Porsche has restored one of the first-ever 911s to display at its company museum in Stuttgart.
The 1964 car was found in a barn by a German TV channel, before being painstakingly restored by Porsche‘s mechanics, but eagle-eyed readers will notice a strange anomaly with the restoration. Although the car is clearly a 911, the identification plates bear the number 901.
That’s because the 911 was originally sold as the 901, but the name was changed after just a few weeks because of a trademark dispute.
Only a handful of 901-badged cars left Porsche’s factory, and this Signal Red example, which carries the chassis number 300 057, is one of them.
Porsche was alerted to the car’s existence in 2014, when a TV crew from German channel RTL2 happened across a long-lost collection of ‘barn finds’. The crew had the presence of mind to call the Porsche Museum, telling the manager of the classic car collection, Alexander Klein, the car’s chassis number.
“The penny dropped,” he said, and the museum took the car in for restoration.
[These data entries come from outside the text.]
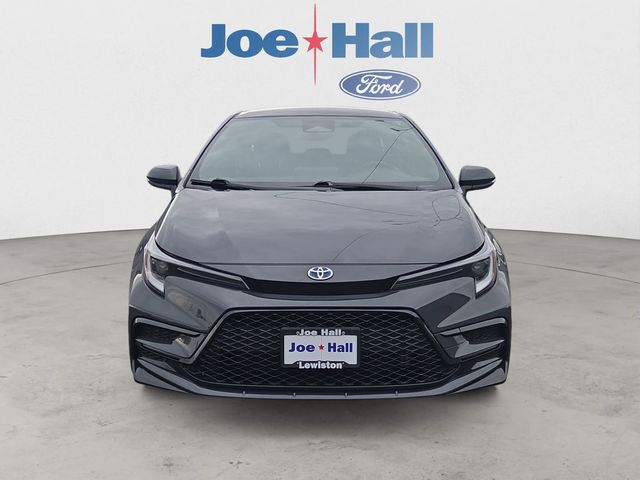 2023 Toyota Corolla Hybrid SE Infrared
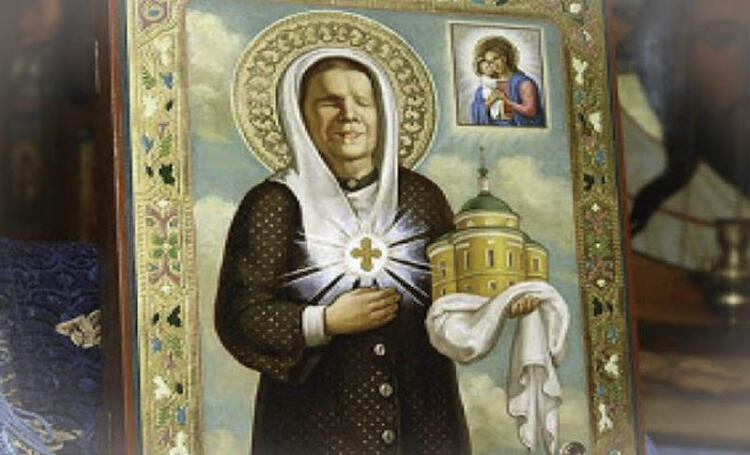Οσία Ματρώνα η Ρωσίδα η Αόμματος και Θαυματουργός: Μερικά από τα θαύματα της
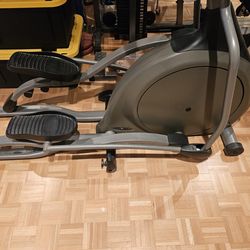 Vision-Works Elliptical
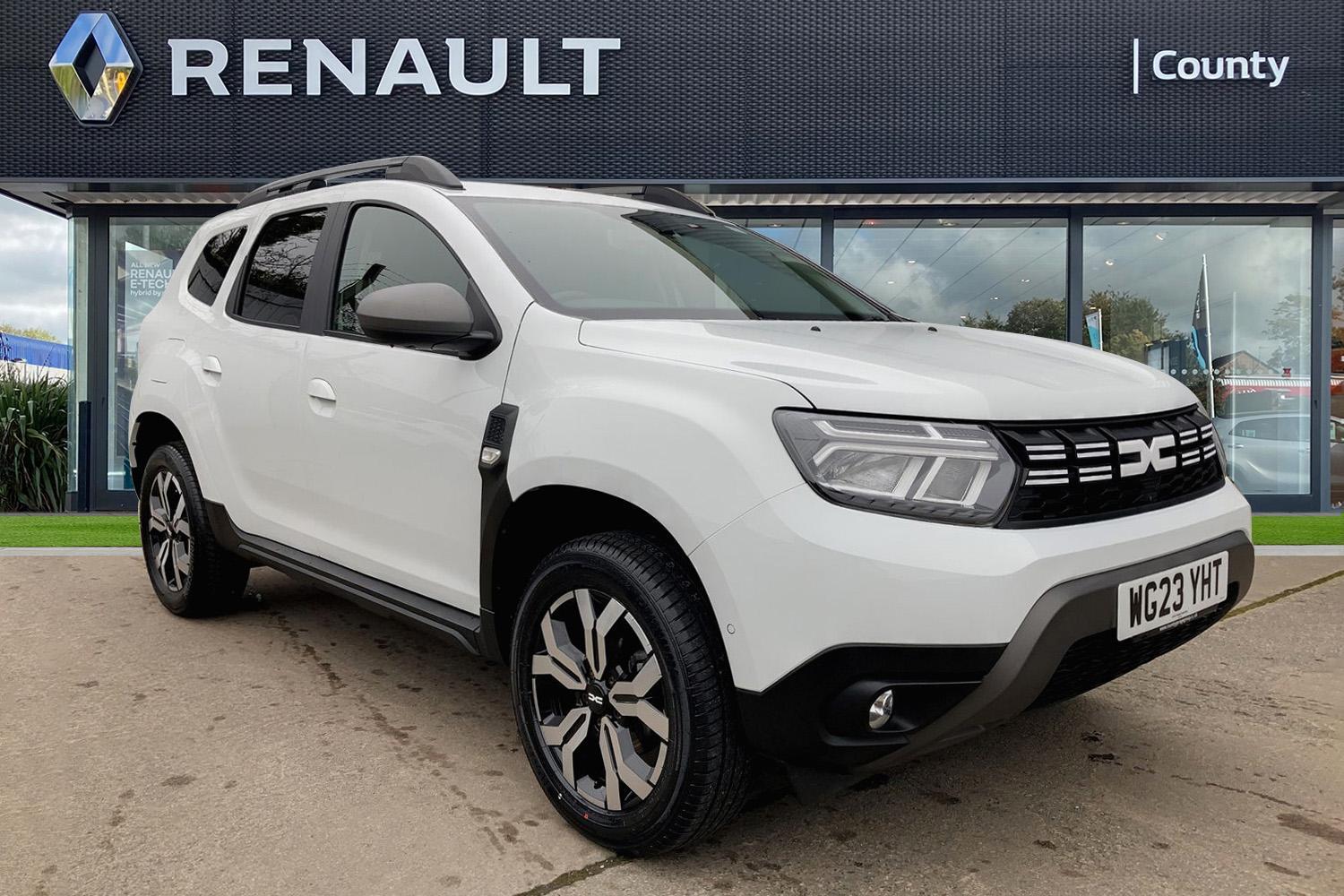 2023 Dacia Duster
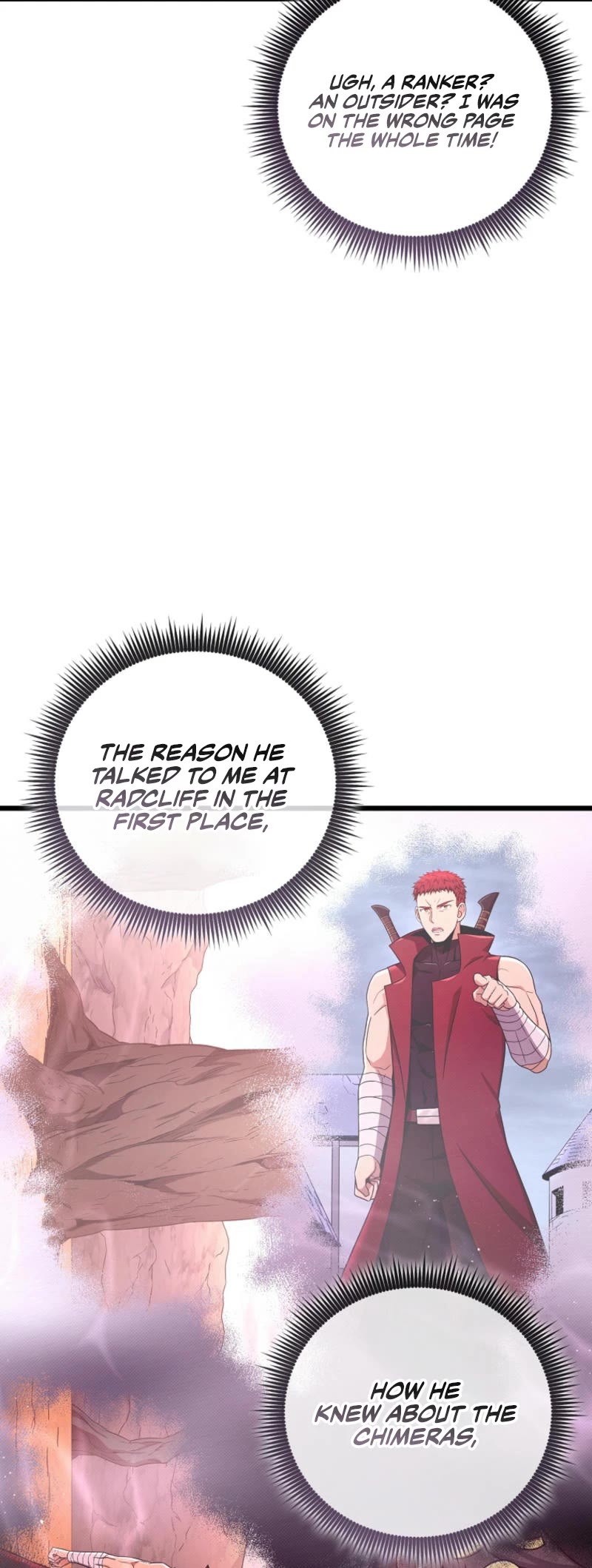 Arcane Sniper chapter 185 page 40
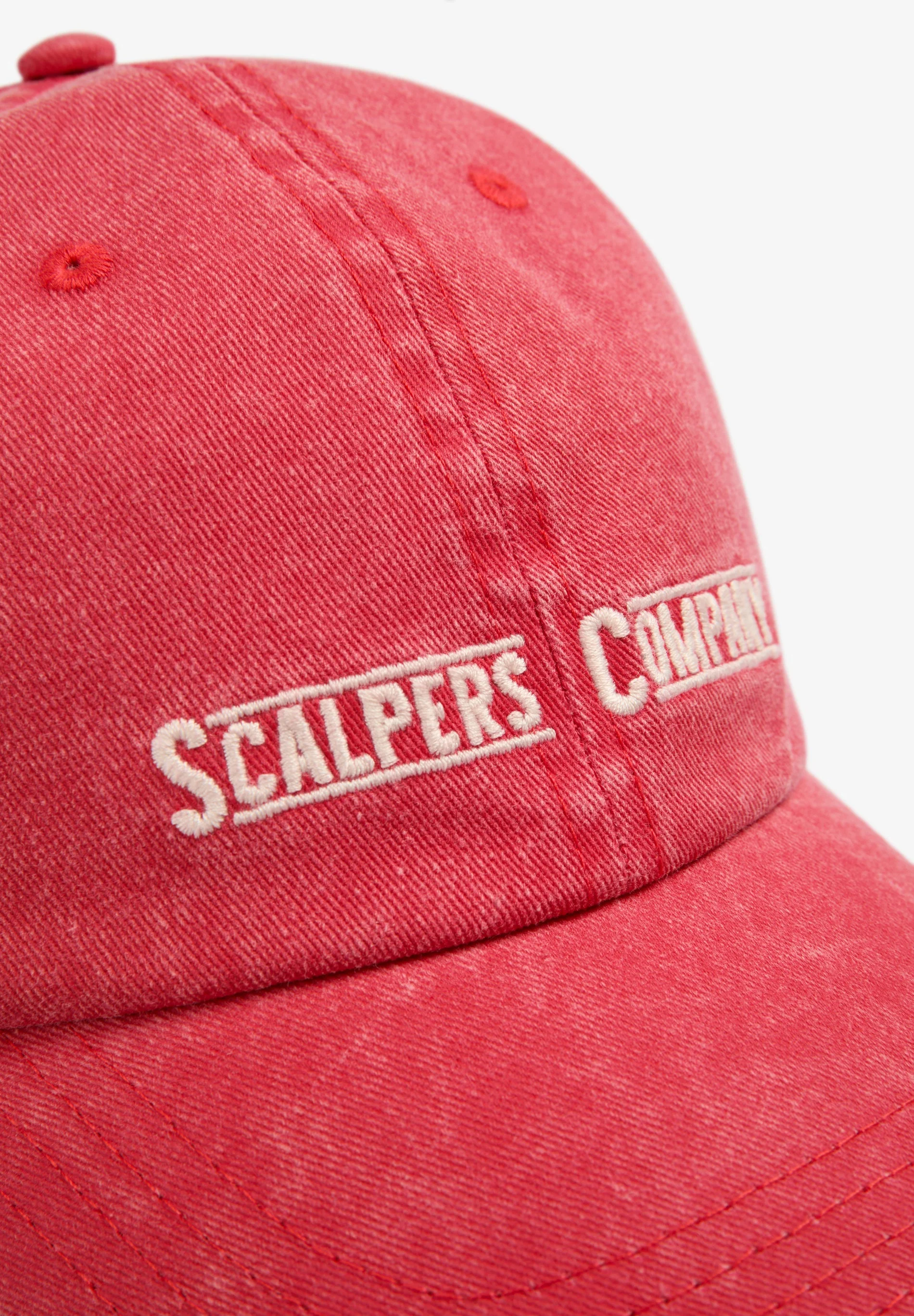VINTAGE STYLE CAP - Image 3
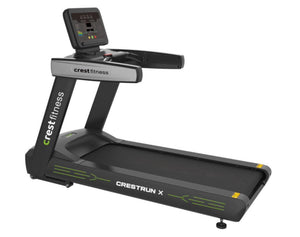 Cockatoo Crest Run X AC Motor Treadmill | 5-10 HP | 1-20 km/h | Max User Weight 180 Kg (Copy)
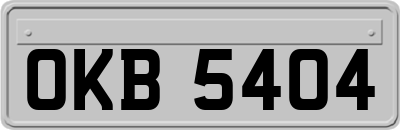 OKB5404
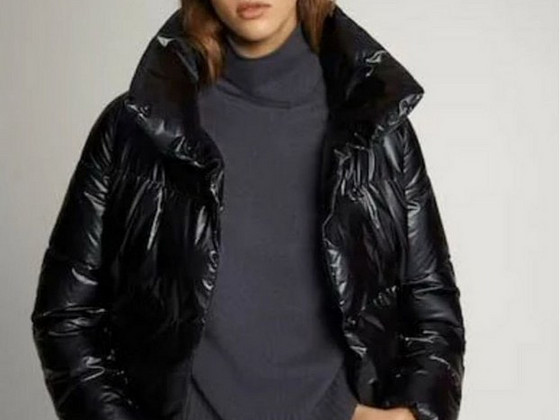 Massimo dutti talvejope, suurus s-m
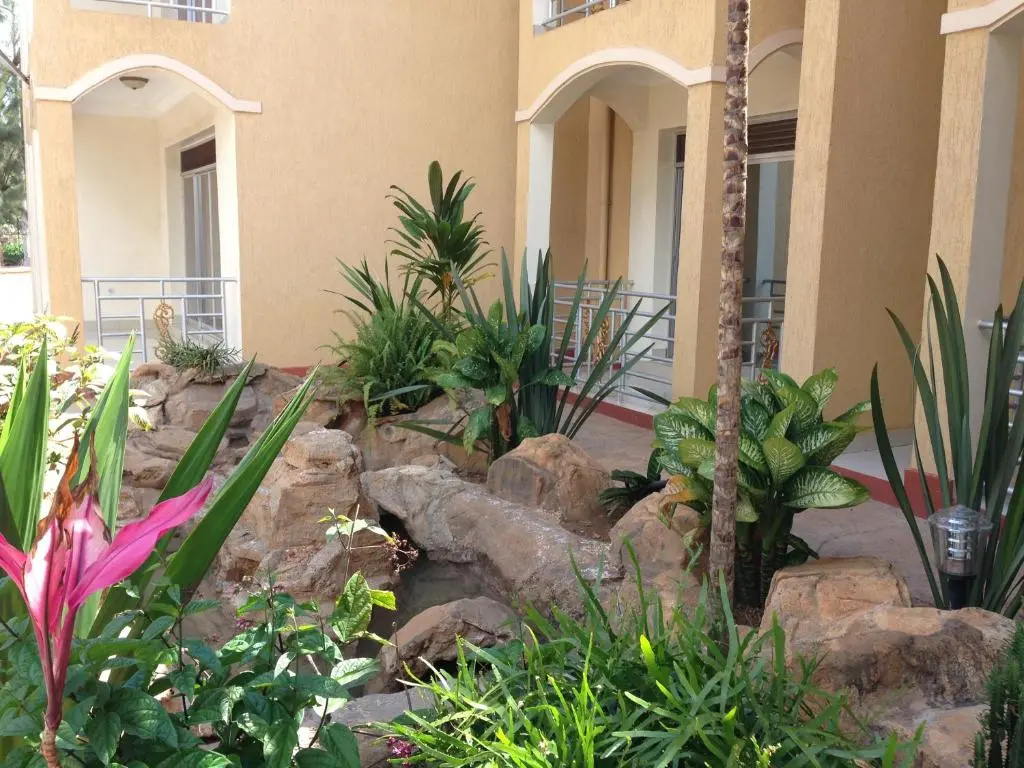 Economy Double Villa with balcony (full double bed)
The project began with complete disassembly of the vehicle, stripping it down to its components and trying to save as many as possible.
Kuno Werner, head of the Porsche Museum workshop, said the car’s unique nature made such conservation vital, and even parts that could not be repaired were saved as samples.
“Many of the features only included in the very first models have been preserved in the car,” he pointed out.
The bodywork had fared surprisingly well, with more than half of it being saved, while spares came from a 1965 donor car.
Under the skin, the engine is partly original, retaining its cylinder heads and one of its camshafts, but several new parts were made to restore it to full working order.
Now, the car has been rebuilt and returned to the road, before being placed in the Porsche Museum, Stuttgart, for visitors to see.